3.      One of the first tasks awakened happens to be Task A.  Task A
         therefore releases the rcu_state structure's ->exp_mutex,

4.      Tasks B and C both attempt to start an expedited grace
         period at about the same time.  This grace period will have
         completed when the lower four bits of the rcu_state structure's
         ->expedited_sequence field are 0b'1000'. Task B wins, and thus
         does the actual work of starting the grace period, including
         acquiring the rcu_state structure's .exp_mutex and sets the
         counter to 0b'0101'.

5.      Because task C lost the race to start the grace period, it
         waits on ->expedited_sequence to reach 0b'1000' inside of
         exp_funnel_lock(). This task therefore blocks on the rcu_node
         structure's ->exp_wq[2] field, keeping in mind that the
         end-of-grace-period value of ->expedited_sequence (0b'1000')
         is shifted down two bits before indexing the ->exp_wq[] field.

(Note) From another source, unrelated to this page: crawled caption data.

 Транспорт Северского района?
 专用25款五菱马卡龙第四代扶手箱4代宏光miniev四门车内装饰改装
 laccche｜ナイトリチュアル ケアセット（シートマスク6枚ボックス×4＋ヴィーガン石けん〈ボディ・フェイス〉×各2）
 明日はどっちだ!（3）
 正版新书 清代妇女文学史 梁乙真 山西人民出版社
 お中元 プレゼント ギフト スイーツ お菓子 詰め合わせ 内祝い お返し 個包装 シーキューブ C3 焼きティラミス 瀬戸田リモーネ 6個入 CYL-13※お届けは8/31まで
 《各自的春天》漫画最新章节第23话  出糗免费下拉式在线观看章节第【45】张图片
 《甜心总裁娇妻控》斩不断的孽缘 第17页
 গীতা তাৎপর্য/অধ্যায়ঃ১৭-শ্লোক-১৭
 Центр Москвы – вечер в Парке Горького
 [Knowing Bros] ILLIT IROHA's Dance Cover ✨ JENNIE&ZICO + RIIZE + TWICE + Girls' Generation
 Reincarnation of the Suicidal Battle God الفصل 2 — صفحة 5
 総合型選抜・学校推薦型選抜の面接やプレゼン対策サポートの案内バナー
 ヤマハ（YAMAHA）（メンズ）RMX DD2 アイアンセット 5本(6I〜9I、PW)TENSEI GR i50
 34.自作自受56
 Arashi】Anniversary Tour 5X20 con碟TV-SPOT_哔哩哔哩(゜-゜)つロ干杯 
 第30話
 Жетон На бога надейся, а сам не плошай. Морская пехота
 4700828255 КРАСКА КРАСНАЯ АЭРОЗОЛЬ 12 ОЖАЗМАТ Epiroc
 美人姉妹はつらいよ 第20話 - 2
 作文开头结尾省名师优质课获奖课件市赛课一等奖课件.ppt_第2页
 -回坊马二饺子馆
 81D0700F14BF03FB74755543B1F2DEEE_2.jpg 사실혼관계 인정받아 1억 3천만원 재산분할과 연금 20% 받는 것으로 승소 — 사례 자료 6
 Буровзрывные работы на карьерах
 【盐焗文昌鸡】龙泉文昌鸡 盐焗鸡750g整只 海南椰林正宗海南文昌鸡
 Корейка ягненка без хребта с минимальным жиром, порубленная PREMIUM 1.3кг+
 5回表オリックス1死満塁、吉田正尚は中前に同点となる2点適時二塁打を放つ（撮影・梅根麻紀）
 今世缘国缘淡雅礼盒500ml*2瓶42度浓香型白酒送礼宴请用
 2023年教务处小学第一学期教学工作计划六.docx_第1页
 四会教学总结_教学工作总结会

6.      Task B queues work to complete expedited grace period. This
         task is preempted just before wait_event call. Kworker task picks
		up the work queued by task B and and completes grace period, so
		that the lower four bits of the rcu_state structure's
		->expedited_sequence field now become 0b'1000'. This kworker starts
		waiting on the exp_wake_mutex, which is owned by kworker doing
		wakeups for expedited sequence initiated by task A.

7.      Task B schedules in and finds its expedited sequence snapshot has
         completed; so, it does not enter waitq and releases exp_mutex. This
		allows Task D to start the next expedited grace period,
         which causes the lower four bits of the rcu_state structure's
         ->expedited_sequence field to become 0b'1001'.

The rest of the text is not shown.